When someone you care about is diagnosed with renal cell carcinoma (RCC), it can feel overwhelming. You want to help, but you might not know what to do or where to start.
Your friend or family member may not know how to ask for the help they need. It’s important to stay informed and aware so that you can offer assistance when you sense it’s needed.
Here are five ways that you can support a loved one through their cancer diagnosis and treatment.
Help doesn’t always have to be a tangible thing. Sometimes your presence alone is enough.
Check in with your loved one as often as you can. Call. Send them a text or an email. Tag them in a picture on social media. Visit them at home, or take them out for dinner. Let your friend know you’re thinking of them, and that you’re there for them.
When you talk to your loved one, really listen. Be sympathetic when they relay stories of tests or treatments they’ve undergone, and be understanding when they say they feel overwhelmed.
Ask what would help them most. Do they need help with their workload? Do they need money to pay for their treatment? Or do they just need you to listen?
Follow up. At the end of each call or visit, let your loved one know when you’ll be back in touch, and follow through with your promise.

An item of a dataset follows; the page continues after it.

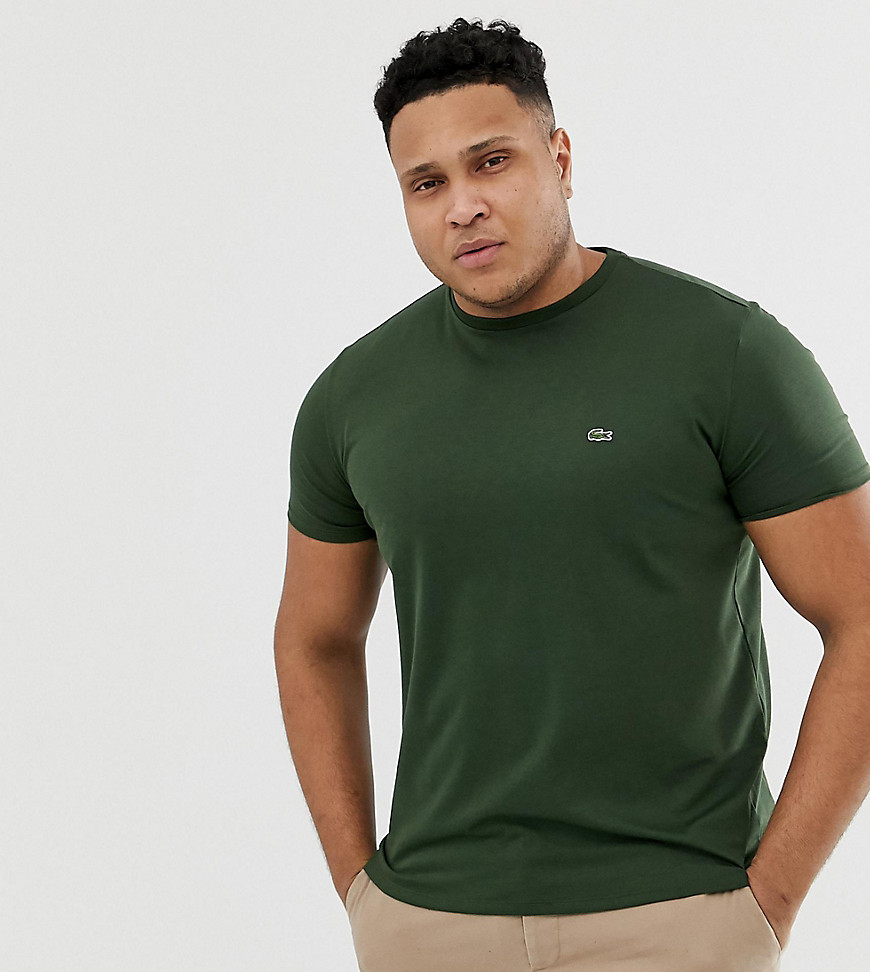 Lacoste – mörkgrön t-shirt med rund halsringning och logga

A cancer diagnosis can alter someone’s entire life. Suddenly, every day is filled with doctor visits, treatments, and managing bills. When your loved one is in the middle of treatment, he or she can feel too tired and sick to get anything done. During this time, work, family, and other responsibilities have to go on the back burner.
Your loved one may not ask for your help — they might not even realize they need it. Therefore, it’s important to offer them help in advance. Try to anticipate what they might need. Here are a few ways to help:
- Offer to run weekly errands, like grocery
shopping or picking up clothes at the dry cleaner.
- Bring over a few home-cooked meals for them to
freeze and eat during the week.
- Set up an online fundraising page to help cover
their medical expenses.
- Create a schedule organizing the efforts of
other friends, family members, and neighbors. Set up days and times for people
to help with tasks like cleaning the house, taking the kids to school, driving
to medical appointments, or picking up prescriptions at the drugstore.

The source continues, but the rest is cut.